## TASK REQUIREMENTS
For this exercise, repeat exactly the lines below starting at the line holding "texture of wooden beads artistic home decor" and ending at the line holding "Jeans Women's Straight", both included, with no extra lines and no pictures.

## THE INPUT
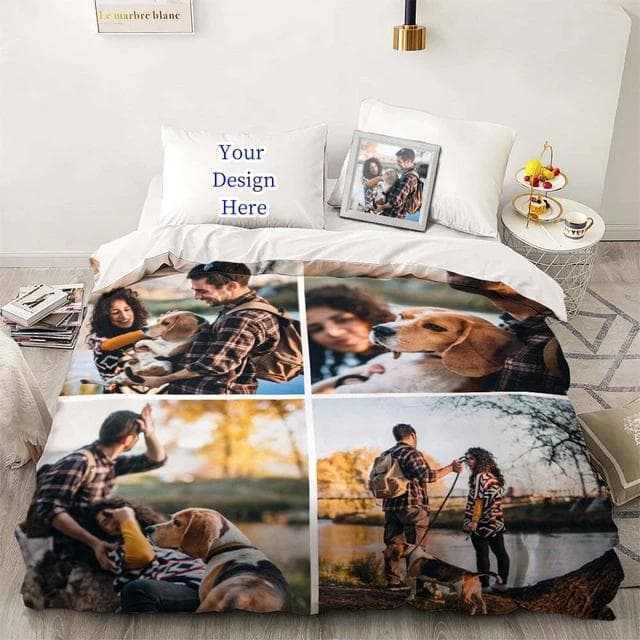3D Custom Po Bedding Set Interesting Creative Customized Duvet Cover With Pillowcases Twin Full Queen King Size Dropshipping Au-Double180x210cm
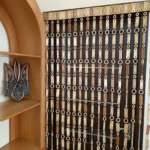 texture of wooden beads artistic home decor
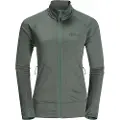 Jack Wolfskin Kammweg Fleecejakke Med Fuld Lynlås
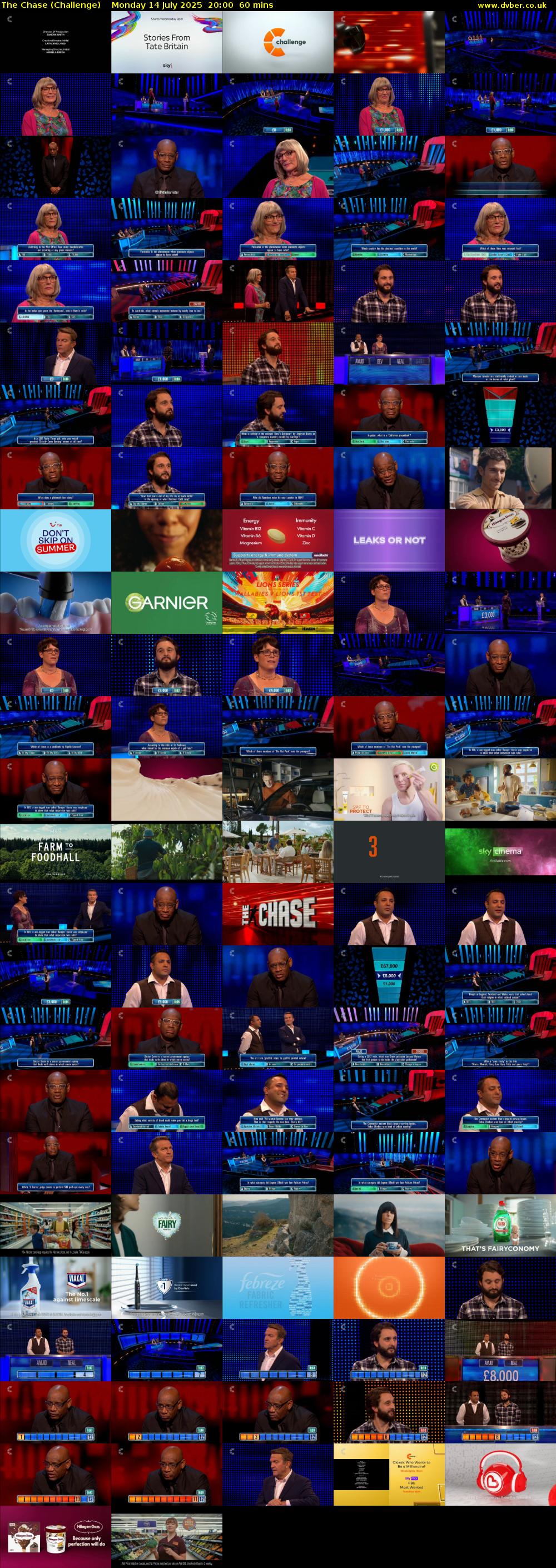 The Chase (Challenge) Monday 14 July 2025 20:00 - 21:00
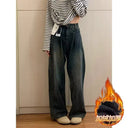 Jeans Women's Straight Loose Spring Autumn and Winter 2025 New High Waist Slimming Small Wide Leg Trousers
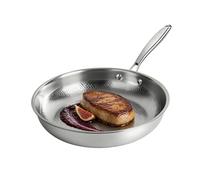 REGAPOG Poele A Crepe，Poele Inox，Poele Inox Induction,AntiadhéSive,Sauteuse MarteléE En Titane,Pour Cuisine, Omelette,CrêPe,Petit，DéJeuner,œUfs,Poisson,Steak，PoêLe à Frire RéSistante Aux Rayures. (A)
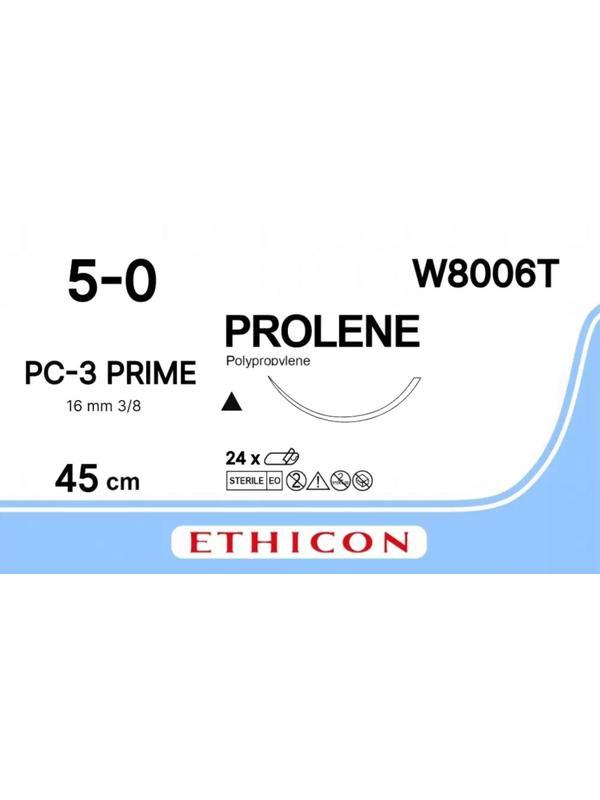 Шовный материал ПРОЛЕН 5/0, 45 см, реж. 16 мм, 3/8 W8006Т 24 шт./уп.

## RESPONSE TO THE TASK
 texture of wooden beads artistic home decor
 Jack Wolfskin Kammweg Fleecejakke Med Fuld Lynlås
 The Chase (Challenge) Monday 14 July 2025 20:00 - 21:00
 Jeans Women's Straight Loose Spring Autumn and Winter 2025 New High Waist Slimming Small Wide Leg Trousers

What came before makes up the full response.